Gotchas and Production Considerations
Context window budgeting is the number one failure mode. If your compressed memories consume 8,000 tokens of a 128k window, that seems fine, but those 8,000 tokens compound with file contents, tool outputs, and conversation history. Always set a hard ceiling and measure it. A safe default is 5% of the model's context window for injected memory.
Memory poisoning is real. If the agent stores an incorrect assumption (like "this project uses PostgreSQL" when it actually uses MySQL), that error propagates into every future session. Add a confidence field and decay low-confidence memories aggressively. Better yet, let the user flag incorrect memories through a forget_memory tool.
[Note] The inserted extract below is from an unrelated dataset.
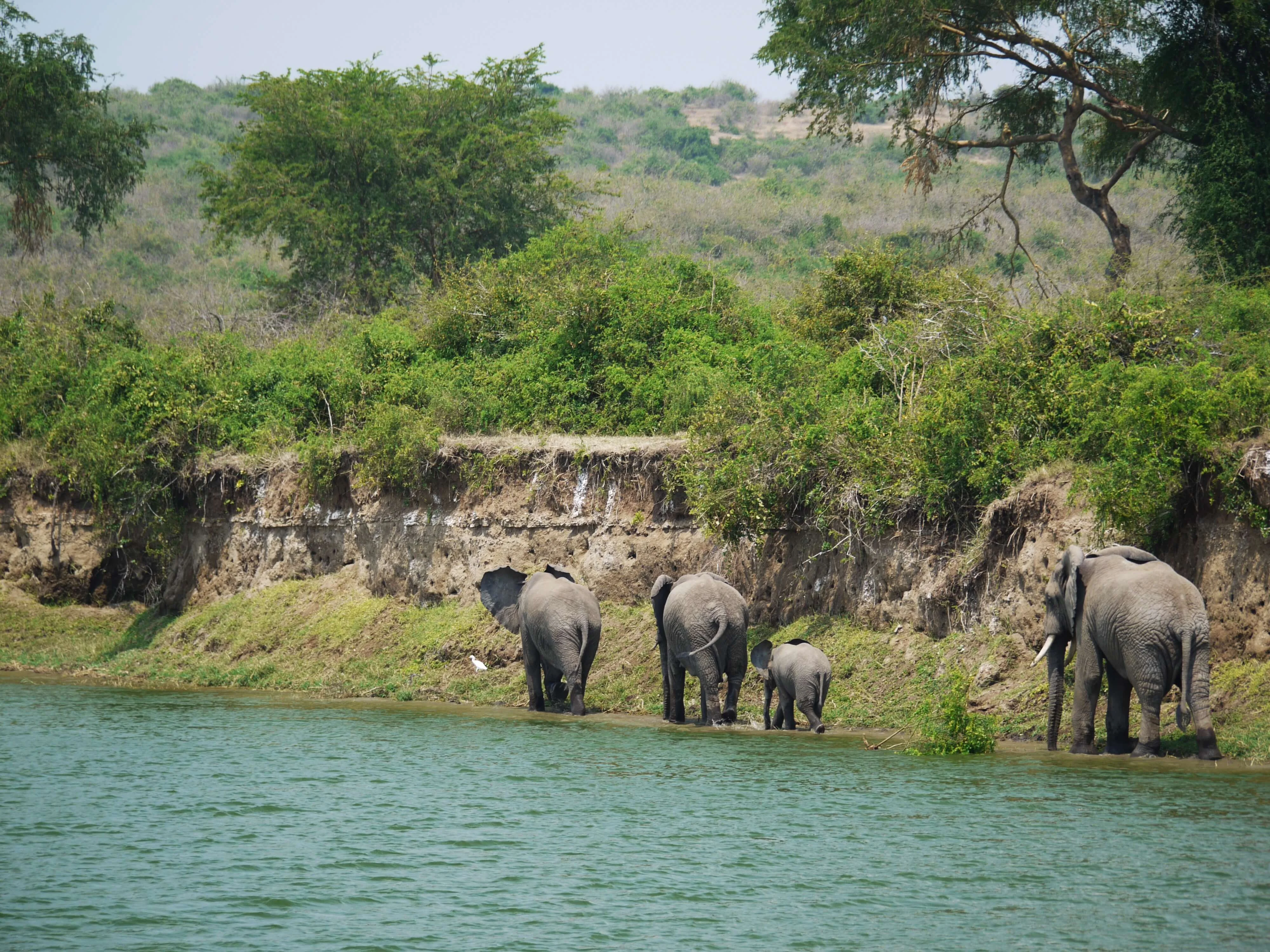 Canal de Kazinga, Ouganda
The CLAUDE.md approach vs. the MCP approach. Use CLAUDE.md injection for small-to-medium projects where the total memory fits in a few hundred tokens. Switch to MCP when your memory store grows past 100 entries or when different tasks in the same project need different memory slices. The two approaches aren't mutually exclusive. Put stable project conventions in CLAUDE.md and dynamic session context in MCP.
SQLite concurrency. If multiple agent processes share the same memory database (common in CI pipelines or parallel agent runs), enable WAL mode with PRAGMA journal_mode=WAL to avoid write locks. For team-wide shared memory, swap SQLite for PostgreSQL with pgvector for native embedding search.